Cadet Midshipman Howard T. McGrath was posthumously awarded the Mariners Medal, Combat Bar, Atlantic War Zone Bar, Victory Medal and Presidential Testimonial Letter.
Howard McGrath was the oldest son and second child of Timothy and Winifred McGrath. His sister, Helen, was five years older, while Howard was six years older than Winifred and nine years older than Robert. The family lived at 322 Holly Avenue, in the Throgs Neck neighborhood of the Bronx in New York City. Just across Long Island Sound from Throgs Neck is Kings Point, the home of the U.S. Merchant Marine Academy. According to the 1940 U.S. Census, Timothy McGrath was an Inspector for the Interborough Rapid Transit Railroad, part of New York City’s subway system. He had previously worked for them as an Electrician.
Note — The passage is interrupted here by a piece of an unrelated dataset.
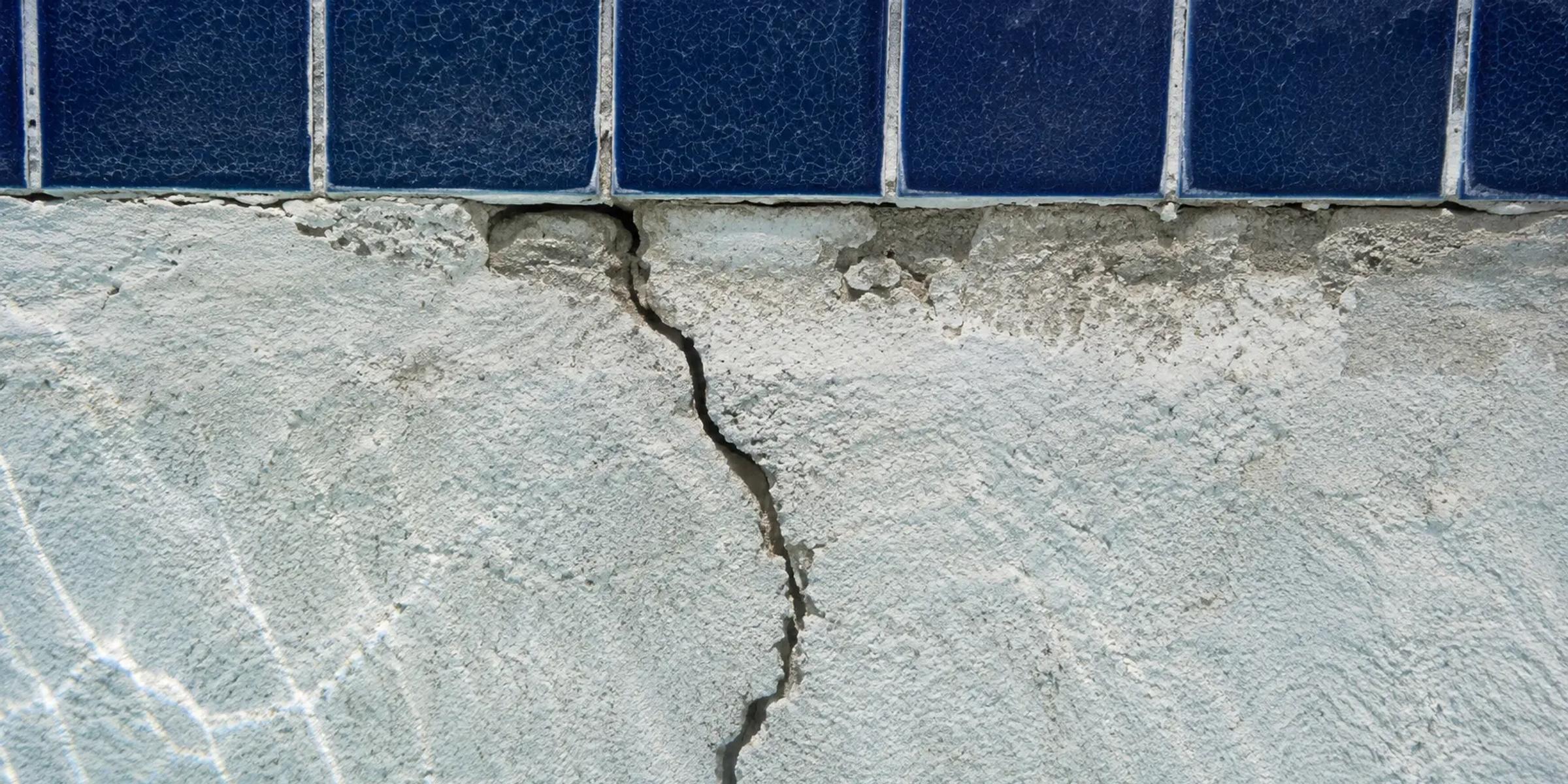 Pool Crack Repair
Howard’s brother Robert said that Howard loved to be on the Sound fishing. According to Robert, their father built Howard a number of rowboats from which he would come home with buckets of flounder. The fish fed the family, friends and neighbors while the remains were used to fertilize their father’s prize roses. Robert said that Howard wrote to his mother every day and enjoyed his short career.